Signed in the block with the artist’s monogram, the letter “K” in a triangle, left off-center.
A superb impression of Roethel’s second and final state, from the second edition, an edition of 1200, published by G. di San Lazarro, Chroniques du Jour, Paris, in the review XXeme Siècle, vol. I, No. 3, Paris, 1938 (the first edition, an edition of only 60 impressions, was issued in the almanac Der Blaue Reiter, 1912), one of six of the artist’s woodcuts (the other five having been originally published in the album Klänge in 1913) illustrating Kandinsky’s essay “Mes Gravures sur Bois” in this issue of XXeme Siècle.
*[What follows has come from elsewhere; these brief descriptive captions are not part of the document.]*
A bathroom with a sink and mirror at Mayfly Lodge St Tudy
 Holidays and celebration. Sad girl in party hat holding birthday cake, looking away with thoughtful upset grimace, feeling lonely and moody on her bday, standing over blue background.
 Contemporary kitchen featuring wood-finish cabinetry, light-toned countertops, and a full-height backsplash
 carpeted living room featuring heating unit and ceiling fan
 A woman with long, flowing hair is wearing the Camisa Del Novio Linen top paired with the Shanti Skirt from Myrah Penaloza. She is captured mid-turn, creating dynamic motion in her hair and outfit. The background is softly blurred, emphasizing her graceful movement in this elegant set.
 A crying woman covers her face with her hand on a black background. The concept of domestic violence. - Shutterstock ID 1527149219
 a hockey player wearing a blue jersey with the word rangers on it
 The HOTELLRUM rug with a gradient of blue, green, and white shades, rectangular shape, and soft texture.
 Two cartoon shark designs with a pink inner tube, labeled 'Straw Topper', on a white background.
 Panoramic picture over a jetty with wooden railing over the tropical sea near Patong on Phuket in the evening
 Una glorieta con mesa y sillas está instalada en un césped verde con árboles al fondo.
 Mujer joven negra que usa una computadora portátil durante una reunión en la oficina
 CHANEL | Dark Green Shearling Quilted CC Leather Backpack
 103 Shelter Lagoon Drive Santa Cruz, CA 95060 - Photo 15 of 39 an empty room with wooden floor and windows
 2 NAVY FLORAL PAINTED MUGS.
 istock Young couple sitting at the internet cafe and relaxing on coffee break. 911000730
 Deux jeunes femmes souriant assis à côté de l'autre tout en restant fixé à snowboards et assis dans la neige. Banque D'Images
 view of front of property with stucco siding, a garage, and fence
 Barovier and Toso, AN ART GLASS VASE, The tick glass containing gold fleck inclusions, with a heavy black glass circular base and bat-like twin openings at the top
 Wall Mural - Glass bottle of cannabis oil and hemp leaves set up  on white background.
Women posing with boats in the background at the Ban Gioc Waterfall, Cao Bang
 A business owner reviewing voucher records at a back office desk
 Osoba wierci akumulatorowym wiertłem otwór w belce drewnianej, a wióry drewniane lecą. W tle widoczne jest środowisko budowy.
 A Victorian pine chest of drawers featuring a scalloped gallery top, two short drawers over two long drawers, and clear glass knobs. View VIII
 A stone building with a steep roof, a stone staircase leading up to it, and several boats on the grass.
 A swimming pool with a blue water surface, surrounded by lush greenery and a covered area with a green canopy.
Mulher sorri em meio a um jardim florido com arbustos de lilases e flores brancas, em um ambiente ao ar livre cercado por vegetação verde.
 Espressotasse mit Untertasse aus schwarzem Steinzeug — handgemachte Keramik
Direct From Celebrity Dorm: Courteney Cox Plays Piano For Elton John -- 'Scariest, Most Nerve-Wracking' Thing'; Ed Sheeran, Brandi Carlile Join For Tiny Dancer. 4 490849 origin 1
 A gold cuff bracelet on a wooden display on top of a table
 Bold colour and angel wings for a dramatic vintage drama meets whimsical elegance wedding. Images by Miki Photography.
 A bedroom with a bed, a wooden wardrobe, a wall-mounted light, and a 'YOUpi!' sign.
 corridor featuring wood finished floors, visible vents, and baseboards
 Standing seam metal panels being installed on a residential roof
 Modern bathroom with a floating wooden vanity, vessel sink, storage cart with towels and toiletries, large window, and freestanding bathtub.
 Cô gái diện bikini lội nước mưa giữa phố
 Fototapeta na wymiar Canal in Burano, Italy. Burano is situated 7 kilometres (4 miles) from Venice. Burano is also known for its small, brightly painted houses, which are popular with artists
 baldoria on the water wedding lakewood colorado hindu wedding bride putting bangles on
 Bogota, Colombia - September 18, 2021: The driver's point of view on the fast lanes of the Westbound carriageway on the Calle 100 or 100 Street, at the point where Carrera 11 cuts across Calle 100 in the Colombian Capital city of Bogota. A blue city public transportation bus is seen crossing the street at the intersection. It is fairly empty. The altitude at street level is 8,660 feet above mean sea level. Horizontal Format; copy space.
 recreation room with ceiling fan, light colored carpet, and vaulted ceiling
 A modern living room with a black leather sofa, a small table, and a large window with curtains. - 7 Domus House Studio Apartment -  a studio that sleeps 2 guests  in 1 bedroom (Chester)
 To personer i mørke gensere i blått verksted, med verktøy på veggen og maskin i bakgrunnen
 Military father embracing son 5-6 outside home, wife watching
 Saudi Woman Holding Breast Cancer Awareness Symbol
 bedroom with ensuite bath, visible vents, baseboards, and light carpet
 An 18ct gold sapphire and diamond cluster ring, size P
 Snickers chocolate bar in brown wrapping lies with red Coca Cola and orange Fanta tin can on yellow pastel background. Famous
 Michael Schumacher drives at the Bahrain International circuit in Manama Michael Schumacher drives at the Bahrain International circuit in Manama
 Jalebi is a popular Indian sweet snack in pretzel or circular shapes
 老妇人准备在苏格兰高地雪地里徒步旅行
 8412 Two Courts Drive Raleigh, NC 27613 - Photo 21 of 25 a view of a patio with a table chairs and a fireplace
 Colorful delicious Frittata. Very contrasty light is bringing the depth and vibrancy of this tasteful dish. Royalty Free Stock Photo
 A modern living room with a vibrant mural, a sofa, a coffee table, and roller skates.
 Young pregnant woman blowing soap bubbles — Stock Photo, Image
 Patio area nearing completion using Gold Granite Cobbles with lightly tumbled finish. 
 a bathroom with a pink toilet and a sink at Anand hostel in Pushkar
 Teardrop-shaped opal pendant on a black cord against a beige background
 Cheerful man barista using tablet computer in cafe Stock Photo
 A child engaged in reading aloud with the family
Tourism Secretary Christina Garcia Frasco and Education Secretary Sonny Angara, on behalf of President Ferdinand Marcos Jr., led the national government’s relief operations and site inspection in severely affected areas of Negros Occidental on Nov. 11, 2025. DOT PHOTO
Catalog: Roethel 79 ii/ii.
Size Image: 6 1/2 x 6 inches
Sheet Size: 12 ½ x 9 5/8 inches
Kandinsky’s art is one of the great foundations of 20th century abstract painting. At the time of the formation of the “Blue Rider” group in Munich in 1911 Kandinsky’s two friends, Auguste Macke and Franz Marc, emphasized that the group’s conception of form was based on “mystical and inward construction” and the depiction of “mysterious forces”. As such, there were strong links with Symbolism and with late 19th century French painting. However, the great advance made in Kandinsky’s work of this period was that the elements of pattern and color, instead of being subsidiary or equal to the visual content, were increasingly dominant, to the point at which they became the whole picture itself. In 1912 Kandinsky wrote a treatise, “The Spiritual in Art”, in which he advocates for the first time the creation of an “abstract” picture – that is an evocation of emotion alone without any pictorial content.
At the moment of the Blaue Reiter Kandinsky’s imagery was still rooted in the representational, but with the pattern of colors and shapes becoming increasingly the main element in the composition. In 1901, when he first broke away from the Munich establishment and formed the association Phalanx, he began to use folk art as one of his principal themes. It was these images, with their traditional implications and complete lack of obscuring sophistication, which allowed him to liberate his color and use of form. In “Bogenschütze” there are the traditional elements of folk illustration, the bowman, the castle, the forest, but superimposed on them is the expression of emotion through abstract shape and color.